O gün mal taksim edilirken Resulullah sınırsız bir cömertlik ve müsamaha ile olgunluk, deneyimlilik ve siyaset içerisinde bulunuyordu. Fakat Resulullah'ın bu davranışı, Ensar'dan bazı müslümanların kendi aralarında, "Vallahi Resulullah kavmine kavuştu." demelerine sebeb oldu. Resulullah'ın bu davranışı kendilerine tesir etmişti. Sa'd b. Ubade bu sözü Resulullah'a anlattı. Bunun üzerine Resulullah (sas) ona;
"Ey Sa'd, sen nerdesin?" dedi. Sa'd ise; "Ben kavmimden bir kimseyim" dedi. Sa'd, kavminin sözünü teyid edince, Resulullah (sas); "Kavmini bana topla" dedi. Sa'd, kendi kavmini topladı. Resulullah (sas) onlara şöyle dedi: "Sizden bana bazı sözler intikal etti. Ey insanlar! Ben size gelirken yolunuzu bilmiyordunuz. Allah, size hidayet etmedi mi? Fakir idiniz, sizi zengin kılmadı mı? Birbirinize düşman idiniz, Allah kalplerinizi bir araya getirmedi mi?" Bu sözler üzerine Ensar; "Evet, Allah ve Resulü'nden minnet ve fazilet gelmiştir" dedi. Resulullah (sas); "Vallahi, eğer isteseydiniz şöyle derdiniz : 'Sen bize gelirken herkes seni yalanlıyordu, biz seni tasdik ettik. Güçsüz idin, sana yardım ettik. Kovulmuş ve sürgün edilmiş idin, biz seni barındırdık. Fakirdin, sana yardım ettik.' Ey Ensar topluluğu, herkes koyun ve deve ile evlerine giderlerken siz Allah Resulü ile birlikte evlerinize dönmeyi istemez misiniz? Muhammed'in nefsini elinde bulunduran Allah'a yemin ederim ki, eğer hicret olmasaydı ben Ensardan biri olurdum. Eğer insanlar bir gurub, Ensar da bir gurub olsalar ben Ensar cemaatına katılırdım. Ey Allahım! Ensar'a, Ensar'ın çocuklarına ve torunlarına merhamet et!" dedi. (Ahmed b. Hanbel, Müs. Mükessirin, 11305)
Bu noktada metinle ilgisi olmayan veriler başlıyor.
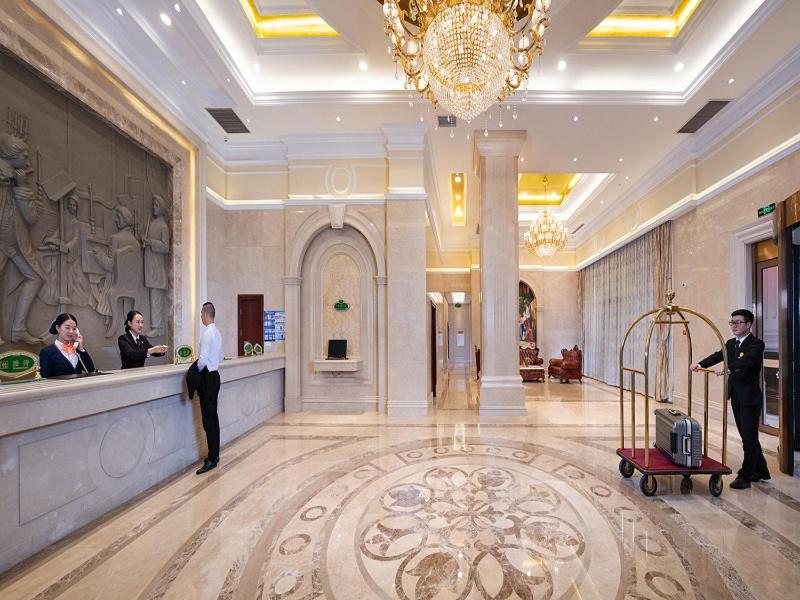 Vienna Hotel Chongqing North Station Creative Park Shangwan Road Metro Station photo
Resulullah (sas) daha sözünü bitirmemişti ki, bütün Ensar hüngür hüngür ağlamaya başladı. Akan göz yaşları sakallarını ıslattı. "Biz, bir kısmet olarak Allah Resulü'ne ve onun taksimine razıyız" dediler. Sonra herkes kendi yerlerine döndü. Bundan sonra Resulullah ve beraberindekiler, Umre için ihrama girmek üzere Ci'rane'den Mekke'ye doğru yola çıktılar. Umreyi yaptıktan sonra Utab b. Useyd'i Mekke'ye vali tayin etti.